Things didn’t stop there. Following the case, Mr Pratt felt sufficiently ashamed to return his decoration as an Officer of the Order of Australia. In June 2008, he was charged with four criminal charges based on the lies he allegedly told the Australian Competition and Consumer Commission about the Visy/Amcor price-fixing. On 27 April 2009, the prosecution was abandoned on account of Mr Pratt’s poor health. The following day, he died. This was hardly an impersonal consequence.

Sometimes it’s a regulator who pays a very high price for their actions. A case in point is the collapse last year of the OFT’s prosecution of four BA executives for dishonestly conspiring with Virgin Atlantic to fix the price of fuel surcharges. This followed the sudden emergence of 70,000 emails on Virgin Atlantic computers that should have been disclosed to the defence. One of these emails revealed that Virgin had decided to increase its fuel surcharge to £6 instead of £5 before speaking to anyone from BA, thereby contradicting suggestions of price-fixing between the two companies. Ultimately, the prosecution offered no evidence and the defendants were acquitted .

The defence lawyers went to town with their criticism of the OFT. Ben Emmerson QC in particular laid into the regulator good and proper. He said that the OFT had “ruined the lives” of the defendants “by mounting and then insisting on a ludicrous prosecution doomed to failure from the start”. The OFT had been “guilty of incompetence on a monumental scale”; and its chief executive John Fingleton and its cartel director Ali Nikpay should “shoulder the personal responsibility for this fiasco”. Although a junior barrister was subsequently sent into court to withdraw these remarks, Mr Emmerson’s criticisms have been widely remembered and believed in legal and political circles.

Now, on the face of it, the OFT just lost a case – an unfortunate but professional hazard. But the scale of its humiliation and the mauling it got from legal commentators inflicted considerable long-term damage to its standing (with many people still wondering if it’s up to the job of criminal cartel enforcement) that goes way beyond the normal impersonal consequences of work-related activity.

Looking on the bright side, though, at least Mr Fingleton – unlike E.ON Energie, following the European Commission’s dawn raid on its Munich premises five years ago – didn’t make a series of pathetic excuses for what had gone on.

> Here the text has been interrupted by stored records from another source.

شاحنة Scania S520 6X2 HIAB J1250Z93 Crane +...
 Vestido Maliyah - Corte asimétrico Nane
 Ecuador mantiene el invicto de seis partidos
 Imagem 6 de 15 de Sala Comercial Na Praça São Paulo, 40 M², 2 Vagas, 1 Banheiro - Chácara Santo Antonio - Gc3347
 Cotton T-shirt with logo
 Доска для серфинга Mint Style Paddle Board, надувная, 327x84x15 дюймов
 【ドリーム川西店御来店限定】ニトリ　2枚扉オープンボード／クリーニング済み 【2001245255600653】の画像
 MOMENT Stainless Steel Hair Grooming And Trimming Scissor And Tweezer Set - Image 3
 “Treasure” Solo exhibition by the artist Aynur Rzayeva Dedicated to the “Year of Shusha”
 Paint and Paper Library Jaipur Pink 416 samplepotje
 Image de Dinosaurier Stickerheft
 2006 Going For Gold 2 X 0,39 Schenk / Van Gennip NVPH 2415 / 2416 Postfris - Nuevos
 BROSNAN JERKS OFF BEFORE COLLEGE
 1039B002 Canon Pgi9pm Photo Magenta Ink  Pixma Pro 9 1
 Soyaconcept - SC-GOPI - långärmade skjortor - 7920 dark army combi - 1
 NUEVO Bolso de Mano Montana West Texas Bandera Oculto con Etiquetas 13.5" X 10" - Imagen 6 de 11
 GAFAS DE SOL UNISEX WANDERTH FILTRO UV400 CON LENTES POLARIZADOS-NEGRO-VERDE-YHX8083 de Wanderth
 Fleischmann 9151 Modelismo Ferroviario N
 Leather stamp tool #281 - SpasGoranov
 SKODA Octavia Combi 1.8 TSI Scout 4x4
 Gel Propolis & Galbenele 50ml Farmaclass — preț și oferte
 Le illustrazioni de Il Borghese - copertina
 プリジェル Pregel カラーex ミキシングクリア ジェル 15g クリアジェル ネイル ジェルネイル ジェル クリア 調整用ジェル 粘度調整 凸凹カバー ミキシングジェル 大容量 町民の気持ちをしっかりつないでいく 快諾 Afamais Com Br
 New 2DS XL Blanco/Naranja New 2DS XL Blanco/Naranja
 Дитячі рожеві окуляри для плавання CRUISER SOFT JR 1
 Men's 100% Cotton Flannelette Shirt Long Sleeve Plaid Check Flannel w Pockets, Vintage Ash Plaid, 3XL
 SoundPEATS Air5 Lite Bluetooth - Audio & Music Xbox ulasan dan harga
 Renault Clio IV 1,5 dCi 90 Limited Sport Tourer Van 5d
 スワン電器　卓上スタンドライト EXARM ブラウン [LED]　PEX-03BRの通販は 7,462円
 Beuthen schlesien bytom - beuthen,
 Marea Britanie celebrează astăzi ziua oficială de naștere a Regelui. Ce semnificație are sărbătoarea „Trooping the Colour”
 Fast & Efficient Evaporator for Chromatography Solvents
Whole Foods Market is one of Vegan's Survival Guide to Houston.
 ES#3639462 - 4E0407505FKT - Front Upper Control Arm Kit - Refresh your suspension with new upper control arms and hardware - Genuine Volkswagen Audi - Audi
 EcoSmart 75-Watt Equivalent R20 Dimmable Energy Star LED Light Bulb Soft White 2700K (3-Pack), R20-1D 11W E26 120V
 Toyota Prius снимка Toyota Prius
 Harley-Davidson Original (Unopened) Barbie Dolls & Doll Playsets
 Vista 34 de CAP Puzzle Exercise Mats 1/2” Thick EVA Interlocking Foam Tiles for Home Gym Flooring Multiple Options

As doubtless many people will remember, documents uncovered during the raid were stored in a room provided by E.ON. The room was then locked and sealed. The following day, it was obvious that the seal had been broken.

E.ON proffered several reasons for what had happened. The seal had been broken by vibrations or by the locked door being shaken. It had been accidentally displaced by a cleaner. It had been affected by humidity in the air. It had been badly stuck on. It had deteriorated because it was past its guarantee date. The Commission said rubbish and last December the General Court upheld the Commission’s €38m fine for breach of the seal. The business world still hasn’t stopped laughing at E.ON’s schoolboy explanations.

And the point of all this? The first is to remember that competition isn’t a computer game where no-one gets injured in real life. And the second is that if you do something that actually brings an organisation into disrepute – even if it’s just because you’re not very good at your job rather than because you’re a bad person – then no-one will care if you are seriously hurt.